THE Metropolitan Police has apologised to Team GB athlete Bianca Williams for the “distress” caused when she was stopped and handcuffed by officers in front of her three-month-old baby. 

Ms Williams and her partner Ricardo dos Santos, who are both black, were stopped by police while driving to their home in Maida Vale, west London, on Saturday.

The conduct of the officers involved has come under scrutiny after a video was posted showing the pair being forced out of their car.

The Commonwealth Games gold medallist accused the officers of racially profiling her partner for driving a Mercedes.

Scotland Yard insisted that there was “no evidence” of misconduct, but the force has since referred the incident to the policing watchdog.

Speaking to the Home Affairs committee today, Met Commissioner Dame Cressida Dick said that officers had apologised to the athletes. 

“We apologised yesterday to Ms Williams and I apologise again for the distress this stop clearly caused her,” she told MPs. 

“Yesterday, two of my officers spoke on our behalf to Ms Williams, and I think all of us watching could empathise with somebody who is stopped in a vehicle, who has a young child in the back, who does not probably know what exactly is going on and is subsequently found, together with her partner, not to be carrying anything illicit,” she continued. 

Ms Dick added that she had ordered a review of the use of handcuffs after being told that handcuffing by her force has increased five-fold in the past three years and that 35 per cent of those subjected to it are black. 

She said: “I actually, having seen a number of issues raised, have said to one of my senior officers: ‘Can you please review our handcuffing practices to make sure it hasn’t become a default in certain situations, because it shouldn’t do’.” 

The commissioner was also grilled on the policing of Black Lives Matter protests in June and the increased use of stop and search by Met officers, which jumped by 50 per cent from the beginning of this year to May.

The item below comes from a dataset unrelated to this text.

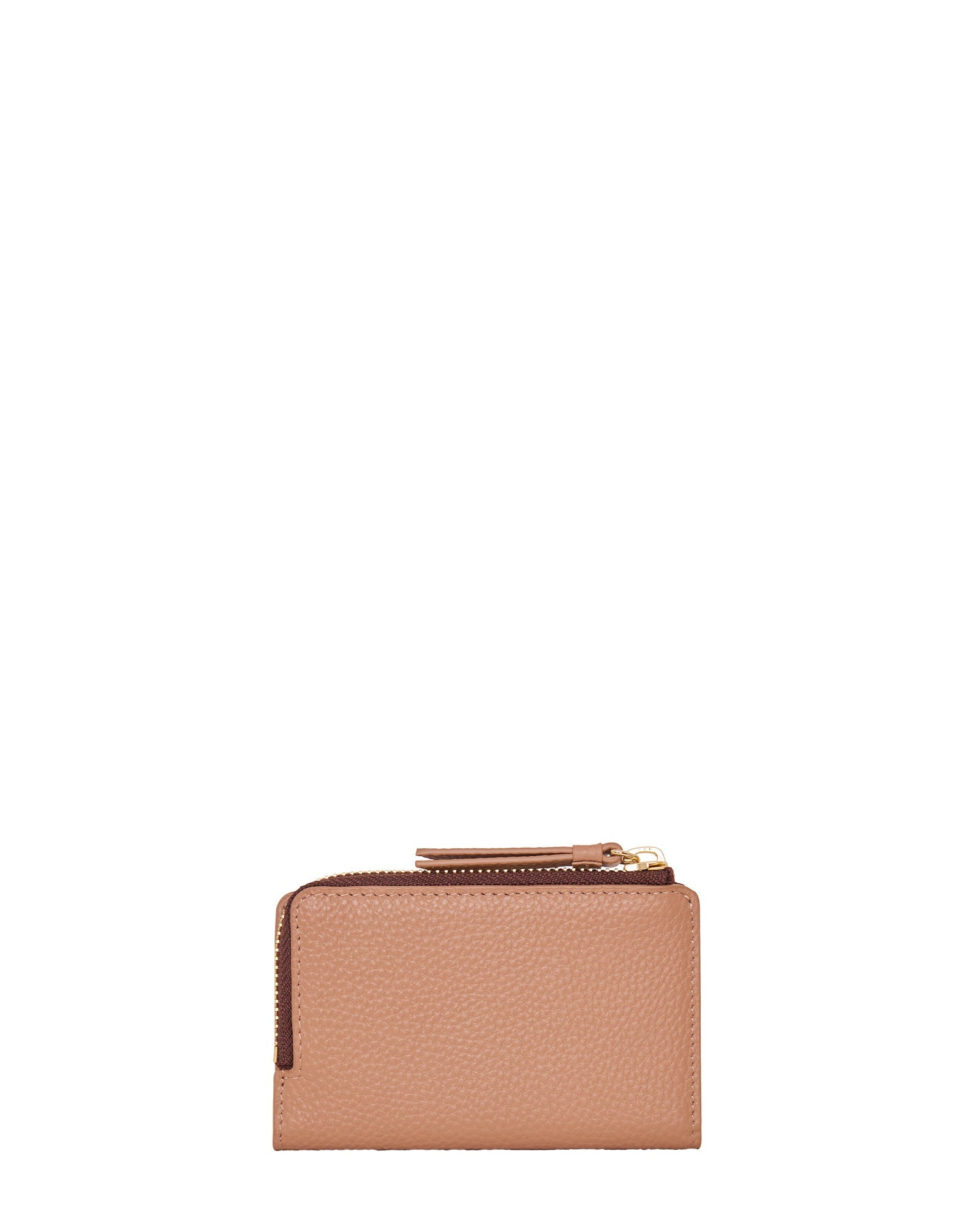 Wednesday Wallet | Taupe & White Stitch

In 2018, black people were 4.3 times more likely to be stopped than white people. 

Asked to justify the increased use of the practice, Ms Dick said she was “utterly sure” of a link between stop and search and a decline in violent crime. 

She also defended the policing of the protests in June, claiming officers “handled them as well as anyone could,” and had behaved “fairly” and with “restraint.”

Civil liberties group Liberty had accused the Met of “potentially unlawful policing” of the demonstrations after officers kettled hundreds of protesters into the early hours of the morning.

Black Protest Legal Support, a group of legal advisors who monitored policing during the BLM protests, disputed Ms Dick’s comments saying the policing had been “anything but ‘fair’ and ‘restrained’.”

The group’s spokeswoman told the Star: “Our independent Legal Observers witnessed officers act violently and aggressively towards protesters, without provocation.

"We also remain concerned by the misuse of police powers when kettling hundreds of protesters, including vulnerable children.

“The police must be held to account for these potentially unlawful actions. Cressida Dick’s comments are, in our view, a smokescreen for the rife police brutality that we saw on the ground.”